Your welds are pretty, but if they lack penetration, they won't be good for this application. My original suggestion was that stick welding would suit this better. If you just have to own the equipment that you weld with, then I would suggest getting a cheap Lincoln 225 amp AC ~ $200 or the 225/210 AC/DC ~ $400, I know guys that have welded all kinds of stuff with these.
 
I picked up some flap wheels from Phoenix Welding Supply. I was using HF crap ones. I saved money by buying the expensive one. I used one to grind down all the welds and went at them with 0.035 wire. I obtained the heat and penetration. I warped the 1/4" plate.:eek1:

Started bending up the tubing --- BANG went a bolt on the POS bender.:mad::mad:
 
Your welds are pretty, but if they lack penetration, they won't be good for this application. My original suggestion was that stick welding would suit this better. If you just have to own the equipment that you weld with, then I would suggest getting a cheap Lincoln 225 amp AC ~ $200 or the 225/210 AC/DC ~ $400, I know guys that have welded all kinds of stuff with these.
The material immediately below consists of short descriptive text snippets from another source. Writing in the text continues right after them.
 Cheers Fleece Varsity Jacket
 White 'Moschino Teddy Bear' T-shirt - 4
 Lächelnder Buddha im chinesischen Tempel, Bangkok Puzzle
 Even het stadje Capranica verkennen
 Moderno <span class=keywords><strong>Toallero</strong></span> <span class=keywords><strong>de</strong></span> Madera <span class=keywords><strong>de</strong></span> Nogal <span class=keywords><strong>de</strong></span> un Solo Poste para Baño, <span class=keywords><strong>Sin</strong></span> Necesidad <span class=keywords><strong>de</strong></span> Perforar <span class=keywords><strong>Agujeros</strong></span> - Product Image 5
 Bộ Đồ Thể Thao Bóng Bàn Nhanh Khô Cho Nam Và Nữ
he doesn't need a stick machine for 1/4" plate. He has more than enough machine for the job. If you look at the weld you can see both edges of the weld are fused in nicely, it's not cold at all. The main reason he didn't get the penetration he wanted was lack of a proper prep for the joint. On a butt joint like that it depends mostly on whether or not you can weld both sides for how you're going to prep. Personally I'd have ground a 3/16" x 45 degree prep on one plate leaving a 1/16" 'land' and poured it in hot. With a small MIG machine that probably would have been a two pass weld...one hot root pass plus a cover pass.
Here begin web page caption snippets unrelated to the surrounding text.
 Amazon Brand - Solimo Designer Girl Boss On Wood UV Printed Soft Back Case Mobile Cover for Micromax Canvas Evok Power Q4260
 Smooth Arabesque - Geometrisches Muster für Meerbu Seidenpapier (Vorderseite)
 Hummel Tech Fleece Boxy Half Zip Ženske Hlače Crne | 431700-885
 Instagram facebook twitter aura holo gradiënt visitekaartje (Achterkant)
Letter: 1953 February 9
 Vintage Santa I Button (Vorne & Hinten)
Larger wire sizes require less wire speed with the same voltage.

Rene
 
New Question - Types of welds

Here's my question. Is there a problem between overlapping the joint on the winch mount instead of a butt joint? Are there any issues in either?

Noname.jpg

Noname.jpg
 
Here's my question. Is there a problem between overlapping the joint on the winch mount instead of a butt joint? Are there any issues in either?

View attachment 58700

Well, welding is WEIRD if you're used to, say, woodworking. Overlap like that would be the ONLY way to do it if you were using 2x4's.

However, with welding, the two pieces of metal essentially become one, and so for all intents and purpose are just as strong. It's freaky, but if the welds are good, it works.

Now, in your case, I donno. If I understand your picture, the extra thickness would be good, but I worry about being able to weld appropriately to get good penetration. You'd need to weld along the same edge as your butt joints, plus along the outer edges of the red piece... basically, you'd want to weld the squares formed by the overlap, if that makes sense.

If you were woodworking, you'd glue mating faces of the overlap, right, and that's the one thing you can't do with welding; you can only weld the edges.

If it were me, I'd butt joint it -- as said before, bevel the edges and leave a small gap so as to burn that sh!t good -- and if you want extra thickness, put a piece of square tube or C-channel across the back for reinforcement.

I hope this makes sense, and again, a master welder and fabricator I am not, just a hobbyist, so take what I say with a grain of salt and no offense ;)

-- A
 
No offense at all. I appreciate the assistance. I am looking for input from people with more experience than myself. I have built a few small brackets, racks and other things successfully. This is my first attempt at a bumper and winch plate that HAS to be structurally sound.